Ryan Fitzpatrick, a 16-year veteran and the Dolphins' most valuable player last year, describes himself as a “placeholder” at quarterback. In the meantime, Tagovailoa is winning praise for his personality, at least.
“He’s really just a kid at 22 years old,” tight end Mike Gesicki said. "He could’ve still been in college, which is crazy when you think about that stuff. I’m super excited about his future, and it’s been good to be around him. He’s a really good dude.”
WHO'S GOING TO BLOCK?
The Dolphins may be disinclined to expose Tagovailoa's surgically repaired hip until they settle on an offensive line, which has been a work in progress for years.
Last season they tied for the most sacks allowed in the NFL, and their total yards rushing was the league's lowest since 2006. So Miami took three offensive line in the first four rounds of the draft, and all have a chance to start. The acquisition of veteran running backs Jordan Howard and Matt Breida should also help the running game.
The Dolphins will likely be bigger, at least.
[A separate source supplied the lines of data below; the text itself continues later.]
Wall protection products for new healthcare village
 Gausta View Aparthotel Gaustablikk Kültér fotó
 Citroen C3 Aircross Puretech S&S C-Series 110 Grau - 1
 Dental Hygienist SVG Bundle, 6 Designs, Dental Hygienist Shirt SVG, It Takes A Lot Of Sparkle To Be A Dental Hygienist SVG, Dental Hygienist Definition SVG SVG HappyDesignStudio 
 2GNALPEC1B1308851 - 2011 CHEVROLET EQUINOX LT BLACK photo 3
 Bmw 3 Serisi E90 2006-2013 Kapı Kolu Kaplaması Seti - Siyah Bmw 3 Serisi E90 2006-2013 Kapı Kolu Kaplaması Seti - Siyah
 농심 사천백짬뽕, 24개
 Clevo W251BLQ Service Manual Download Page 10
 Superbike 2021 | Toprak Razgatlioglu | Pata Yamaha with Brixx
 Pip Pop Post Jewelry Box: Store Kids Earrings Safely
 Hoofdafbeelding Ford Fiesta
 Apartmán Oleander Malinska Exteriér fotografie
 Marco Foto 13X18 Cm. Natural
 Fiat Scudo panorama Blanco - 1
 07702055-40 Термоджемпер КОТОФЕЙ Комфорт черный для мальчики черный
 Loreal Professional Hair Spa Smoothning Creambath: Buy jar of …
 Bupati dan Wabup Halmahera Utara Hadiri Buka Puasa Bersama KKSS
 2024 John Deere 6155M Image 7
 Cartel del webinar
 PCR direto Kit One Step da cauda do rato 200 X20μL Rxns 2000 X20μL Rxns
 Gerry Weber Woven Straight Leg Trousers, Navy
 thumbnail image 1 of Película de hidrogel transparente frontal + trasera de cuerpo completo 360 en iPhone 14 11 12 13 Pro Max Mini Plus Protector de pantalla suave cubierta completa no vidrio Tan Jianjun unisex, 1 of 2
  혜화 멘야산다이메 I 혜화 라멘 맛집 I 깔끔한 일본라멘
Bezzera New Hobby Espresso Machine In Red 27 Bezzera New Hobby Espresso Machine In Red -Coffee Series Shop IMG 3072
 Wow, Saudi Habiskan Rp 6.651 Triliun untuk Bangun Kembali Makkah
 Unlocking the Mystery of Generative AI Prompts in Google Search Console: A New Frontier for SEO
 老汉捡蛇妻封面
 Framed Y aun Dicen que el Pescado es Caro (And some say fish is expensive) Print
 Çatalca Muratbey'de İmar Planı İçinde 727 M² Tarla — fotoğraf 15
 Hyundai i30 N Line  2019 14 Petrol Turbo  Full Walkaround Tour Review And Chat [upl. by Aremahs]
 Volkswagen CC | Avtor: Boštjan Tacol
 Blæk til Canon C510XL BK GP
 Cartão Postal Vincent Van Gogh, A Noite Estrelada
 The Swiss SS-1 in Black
Four potential starters in the offensive line weigh from 323 to 343 pounds.
“There are a bunch of 400-pound people around out there that can’t play football, so size is not the only factor," new offensive coordinator Chan Gailey said. "Bigger is better only if it’s better.”
MAKING A STOP
The Dolphins allowed a franchise record 494 points last year, had the fewest sacks in the NFL and gave up a league-high 39 touchdown passes.
“Pass rush, run defense, pass coverage — I think all of those things we’re going to try to improve,” new defensive coordinator Josh Boyer said.
Veteran newcomer Byron Jones and first-round pick Noah Igbinoghene join Xavien Howard at cornerback, giving Miami potentially one of the league's best trios. The team should be better at end too, with the additions of veterans Shaq Lawson and Emmanuel Ogbah.
The Dolphins will do plenty of platooning in their defensive front seven, but one player likely to be on the field for almost every down is veteran newcomer Kyle Van Noy.
A starter for the New England Patriots' Super Bowl champions in 2016 and 2018, Van Noy can rush the passer, defense the run and drop into coverage.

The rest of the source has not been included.